Unless something has changed recently, you do not have to pay for an answer, and I like it that way. The only time you won't get an answer is if no one knows it or your description is unclear.
If your system was open as in air was free to circulate, there can be a corrosion problem from the moisture in that air, but that's why we pump it into a vacuum first to boil the water out. Flushing is more important when the receiver drier comes apart and lets the desiccant circulate. That can plug the expansion valve. Otherwise flushing is not commonly done.

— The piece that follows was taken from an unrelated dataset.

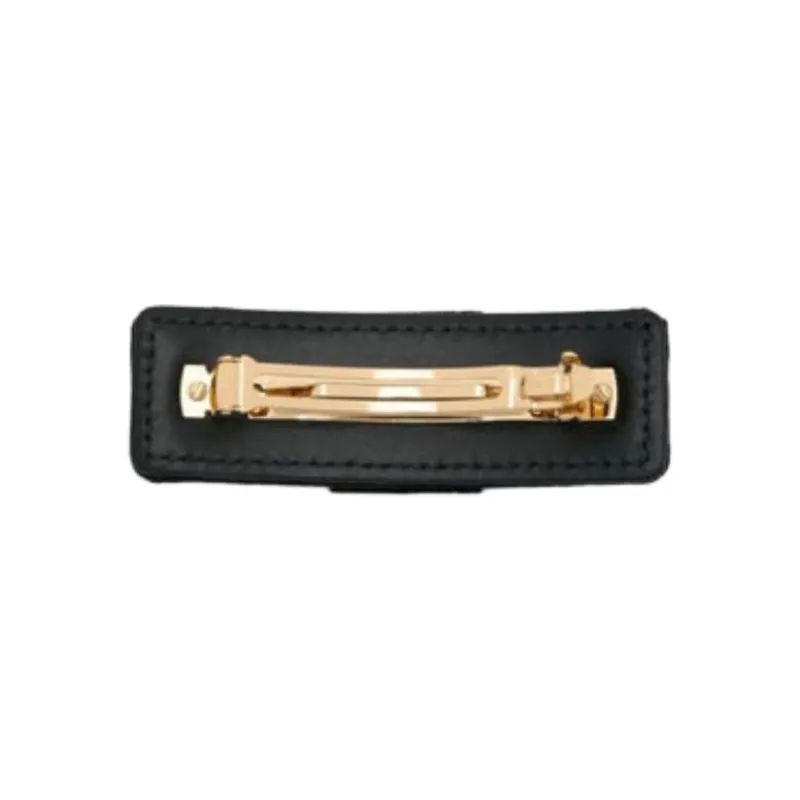 CELINE Le Soir Ribbon Hair Clip In Polyester Calfskin Brass With Gold Finish And Steel-1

The important thing when retrofitting is to get the old oil out. When we first started doing these, we were told we needed different hoses with nylon liners because the R134 molecules were smaller and could leak out easier. The compressor had to be replaced because we needed higher pressures to get the needed efficiency. The new hoses could handle those pressures. Nothing was said about the condenser handling those higher pressures. Eventually we figured out all those new parts weren't needed. When I retrofitted my '88 Grand Caravan, all I did was unbolt the compressor so I could turn it over to drain the oil, and screwed on the adapter ports, evacuated the system and filled it up. We no longer replace hoses or compressors. System efficiency isn't a problem because it still goes by temperature in the evaporator, not pressure. If the temperature isn't low enough, the expansion valve just lets more refrigerant in. I didn't even worry about the residual oil in the rear evaporator and hoses. I just filled the compressor with the new oil and let 'er rip. Worked very nicely.